Le statut de seigneur était également accessible au marchand qui « traversait trois fois la vaste mer par ses propres moyens ».
Ménages
Une maison noble comprenait un certain nombre de serviteurs, appelés cniht ( « jeune homme » , « serviteur » , d'où dérive le mot moderne chevalier ) ou huscarl ( « housecarl » , « homme de la maison » ). Les testaments de Thegnly peuvent être utilisés pour reconstituer les maisons nobles. Le testament de Thurstan Lustwine, rédigé vers 1043 , laissait des terres à ses cnihtes et à ses deux chapelains (qui, en plus de leurs devoirs religieux, auraient également effectué des travaux de secrétariat). Le testament d'une noble femme nommée Leofgifu laissait des terres à ses trois intendants, deux préfets , un chapelain et ses cnihtes . Un autre officier de la maison identifié dans les testaments est celui de chasseur ( hunta ).
Tout comme les thegns du roi servaient dans la maison royale , les thegns de moindre importance servaient de sénéchaux , de chambellans et d'intendants des thegns du roi et des ealdormans. Ces postes étaient considérés comme des postes honorables plutôt que des positions serviles. Vagn, le chef des housecarls du comte Leofric , possédait 54 hides de terres avec son manoir principal à Wootton Wawen ( ' Vagn's Wootton ' ). Des hommes de haut rang tels que Vagn auraient formé le cercle intime de la maison du seigneur.
L'Angleterre après la conquête

En 1066, on estime qu'il y avait 5 000 thegns en Angleterre. Après la conquête normande de l'Angleterre en 1066, Guillaume le Conquérant remplaça l'aristocratie anglo-saxonne par les Normands, qui remplacèrent la terminologie précédente par leurs propres noms pour ces rangs sociaux.
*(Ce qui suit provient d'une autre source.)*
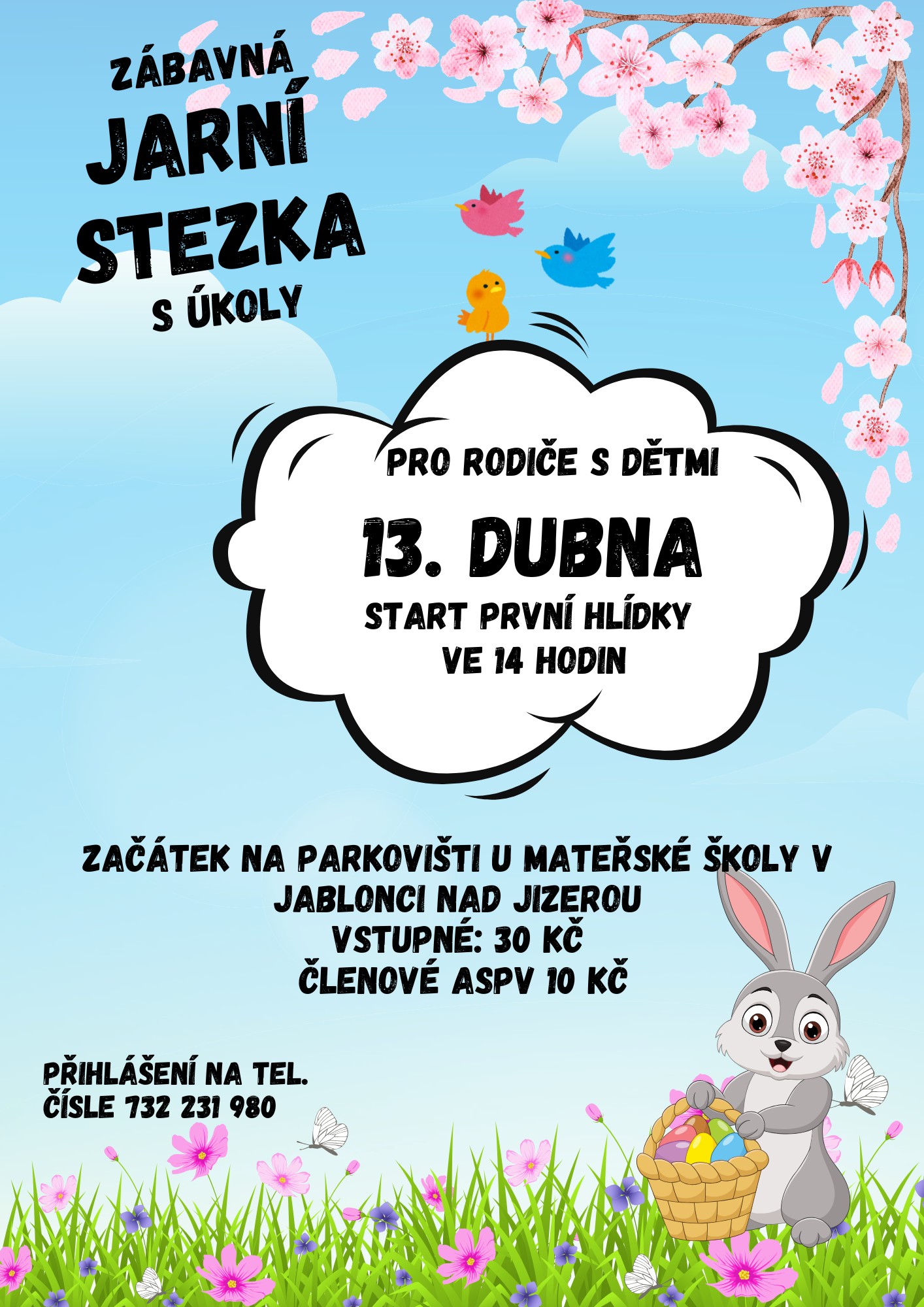 ZÁBAVNÁ JARNÍ STEZKA S ÚKOLY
Ceux qui étaient auparavant connus sous le nom de thegns devinrent partie intégrante de la classe chevaleresque.
Pierres runiques
Au cours de la dernière partie du Xe et du XIe siècle, au Danemark et en Suède , il est devenu courant que les familles ou les camarades érigent des pierres runiques commémoratives . Environ cinquante d'entre elles indiquent que le défunt était un thegn. Parmi ces pierres runiques, on peut citer Sö 170 à Nälberga, Vg 59 à Norra Härene, Vg 150 à Velanda, DR 143 à Gunderup, DR 209 à Glavendrup et DR 277 à Rydsgård.